Closed 311-code closed 8 months ago
Hi @brentjohnston
Ill move this over to the Discussions area.
With the 2.0.3 model, when they first released it, my god did it sound terrible https://github.com/coqui-ai/TTS/discussions/3306
I'm not sure if they messed something up with the models configuration file. However. I believe they did eventually correct this....eventually.
Id welcome people to play with it and give feedback. If enough people give feedback that its overall better, I can swap the base model on initial setup of AllTalk.
You can actually download the \extensions\alltalk_tts\models\xttsv2_2.0.3
folder and change the path in the settings page.
If people want to test out and feed back, Im happy to listen.
Thanks
A bit different than erew123's chat findings from back in November here, and not sure why. I just tried to train over the coqui v2 2.0.3 model and got less "feeling they are reading from a script" when voice talks.

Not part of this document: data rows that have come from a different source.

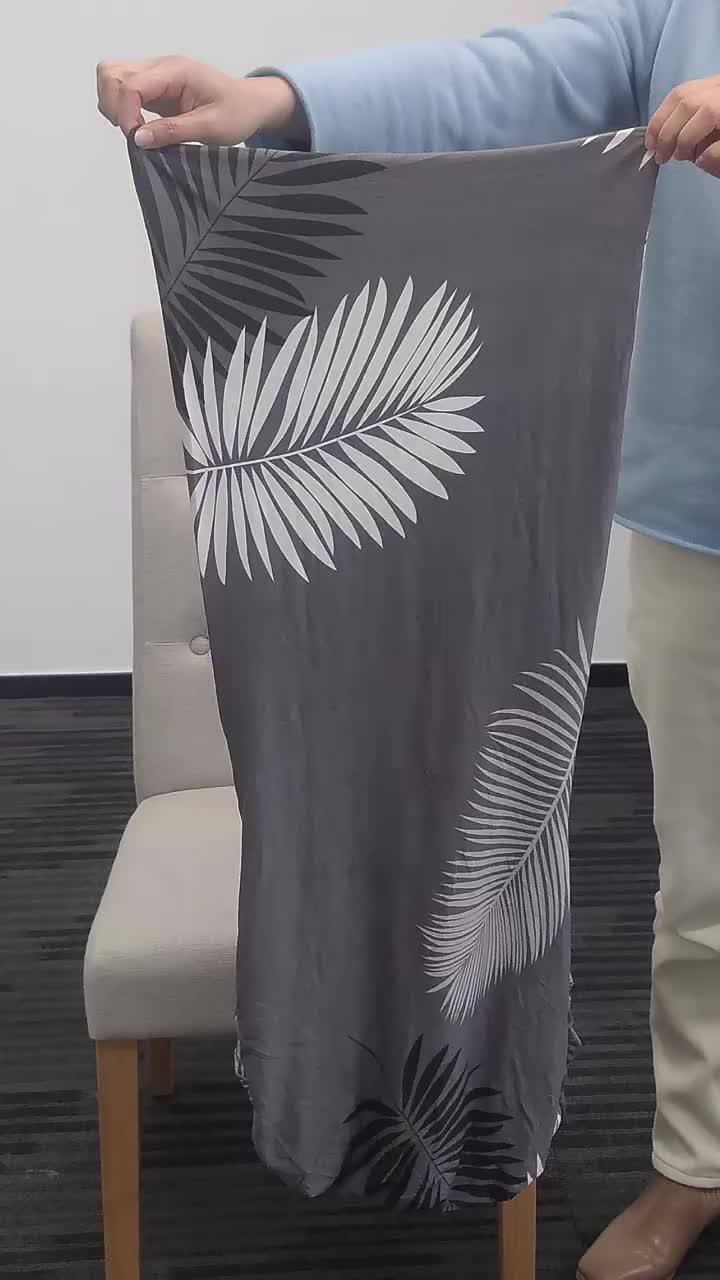 Elastic Chair Cover Shabby / Penutup Alas Sarung Kursi Elastis Scretch Motif Bunga Abstrak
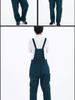 Korean-Style Gray Multi-Pocket Workwear Jumpsuit for Auto Repair and Labor Protection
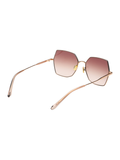 SCOTT Womens Smoke Brown Lens Light Gold Geomertical Sunglasses with 100% UV Protection-Scott 2984 Freya C3 S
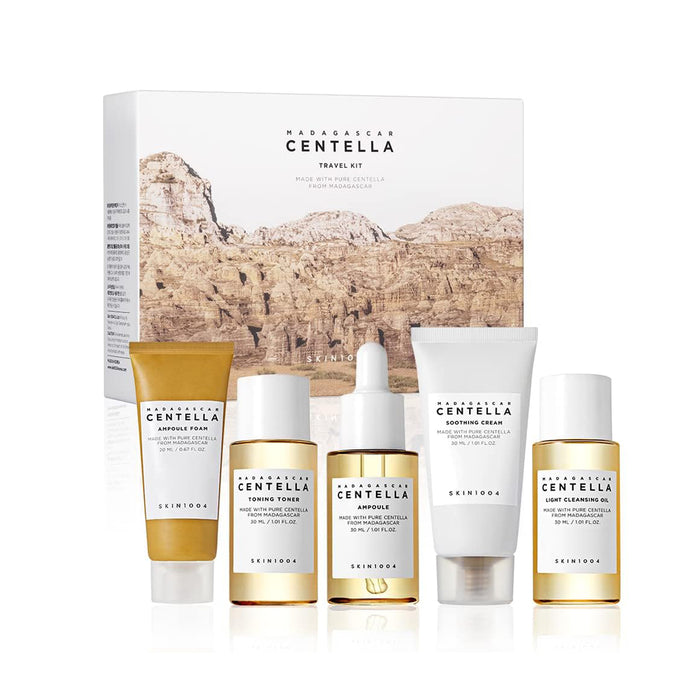 SKIN1004 Madagascar Centella Travel Kit - kelioninis kosmetikos rinkinys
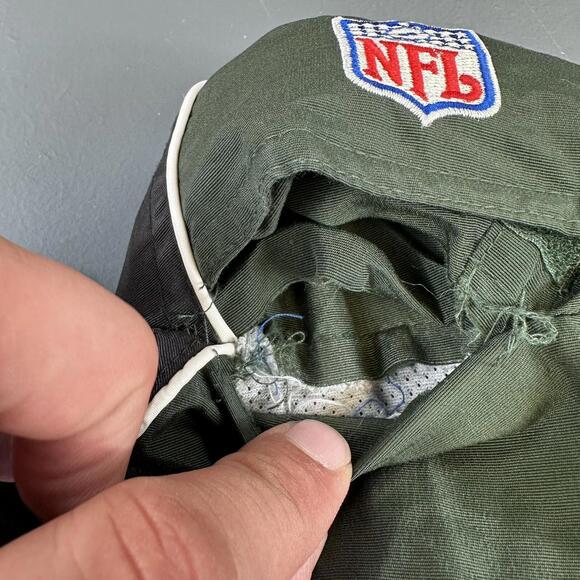 VTG New York Jets Jacket Boys Medium Green Black Hooded Reebok On Field Zip - Picture 10 of 10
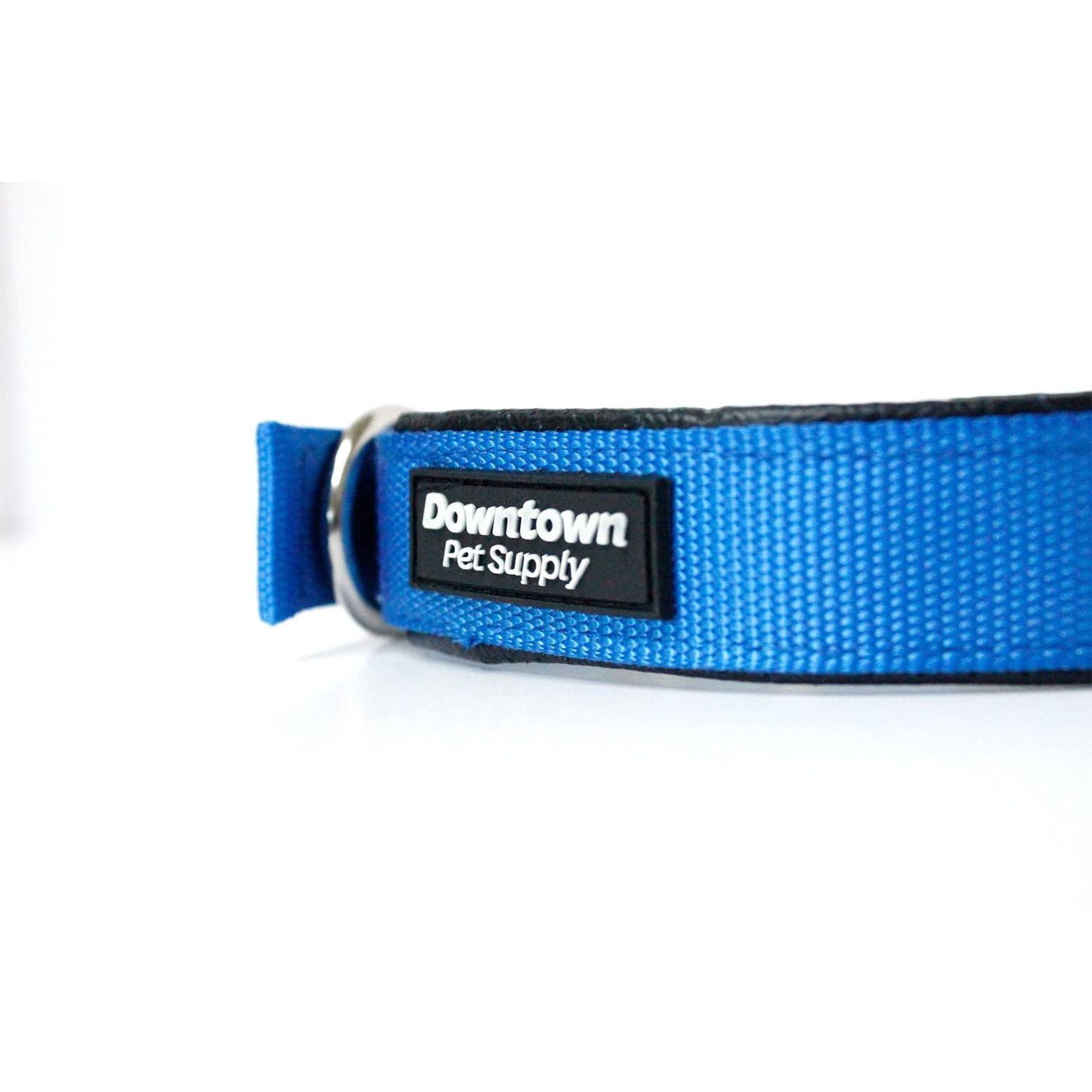 Downtown Pet Supply Deluxe Dog Collar - Padded Adjustable Dog Collar with Metal Buckle & D-ring - Machine Washable & Water Resistant Thick Dog Collar - Blue - S - Small Dog Collar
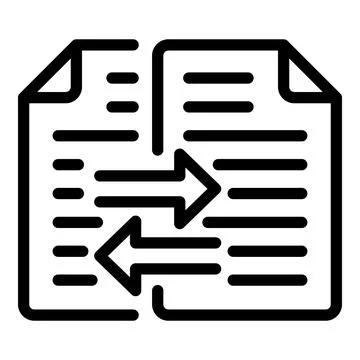 Change education icon outline vector. Online management Illustrazione stock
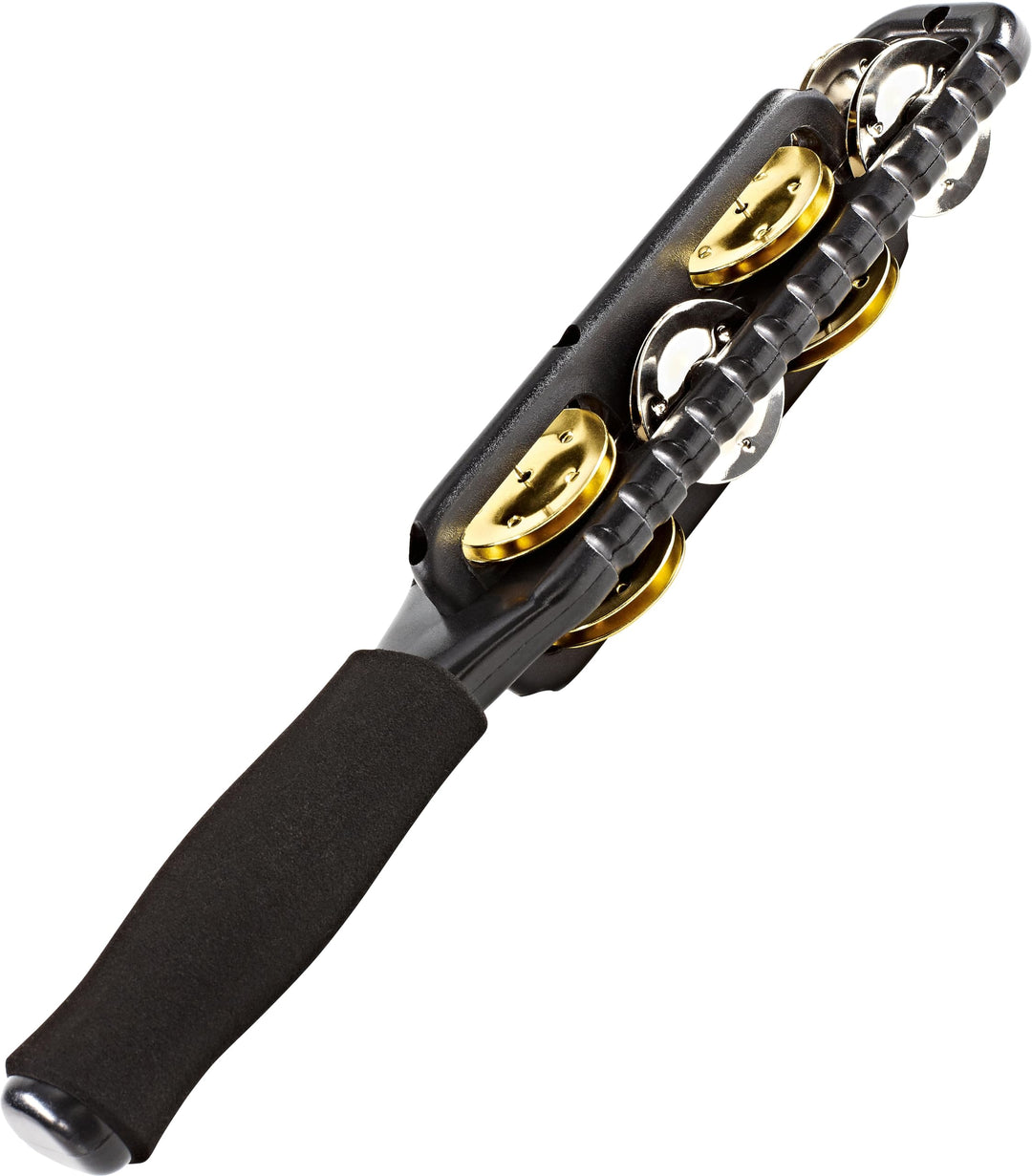 Meinl Percussion MJS1BK Multi-Jingle Stick mit Stahl- und Messingschellen, schwarz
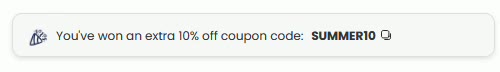 Copyable discount bar
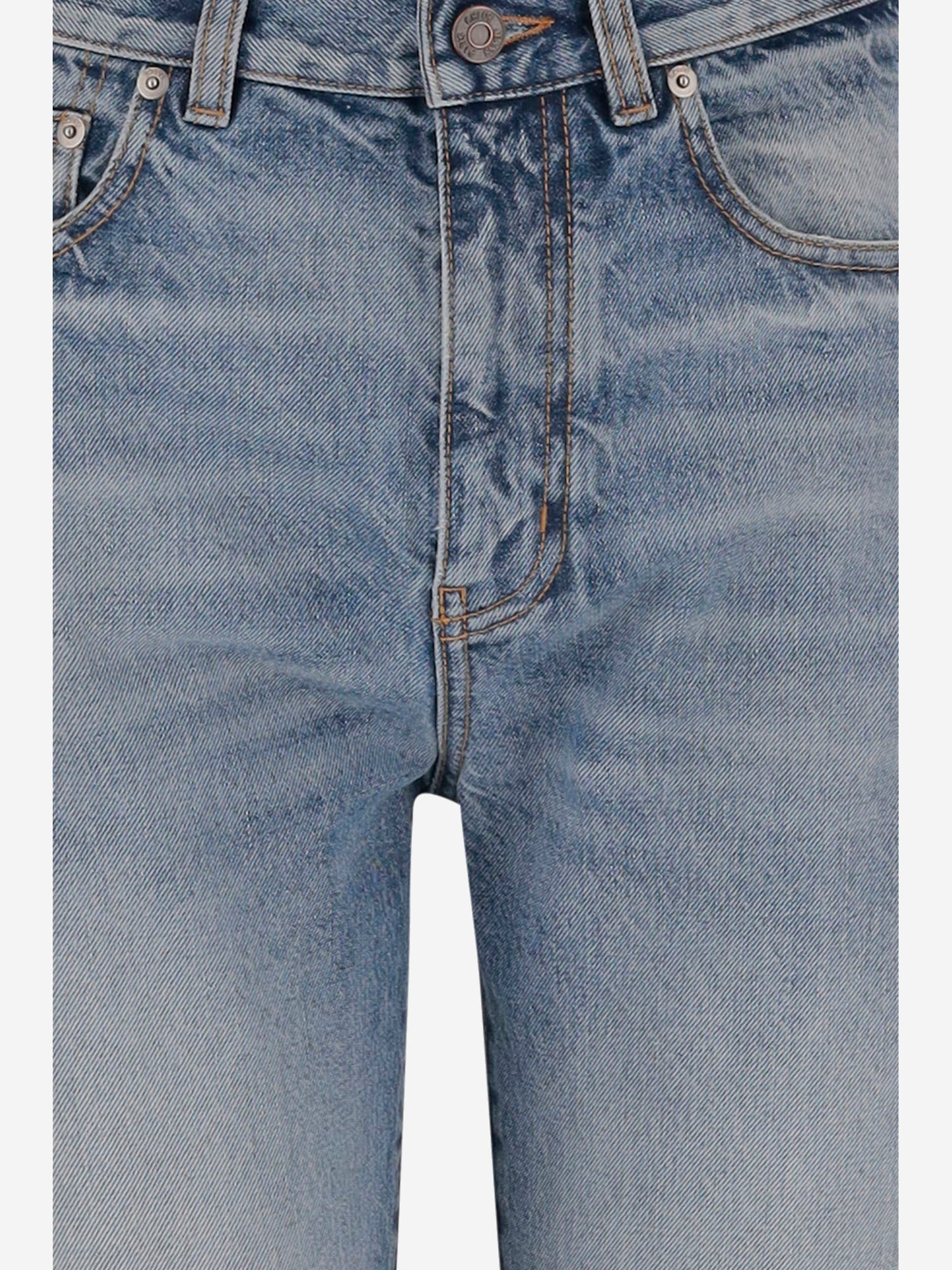 JEANS PATCHWORK IN DENIM DI COTONE CH24WDP14159 4ZD CHLOE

Accuracy similar or better and better flow. I'd recommend trying it out again with method below just to make sure, link here: https://huggingface.co/coqui/XTTS-v2/tree/v2.0.3
For anyone here that wants to try: Backup the files in
\extensions\alltalk_tts\models\xttsv2_2.0.2
download all the new files and put in there. Train over base again.Not sure if this was the difference: I merged 3 of the most accurate samples from the previous trainings in voices folder. Merged them into one file as a .wav and placed in the
\extensions\alltalk_tts\finetune\put-voice-samples-in-here
folder, and used that for finetuning (in addition to the original dataset) then used that same merged .wav file for the voice selection.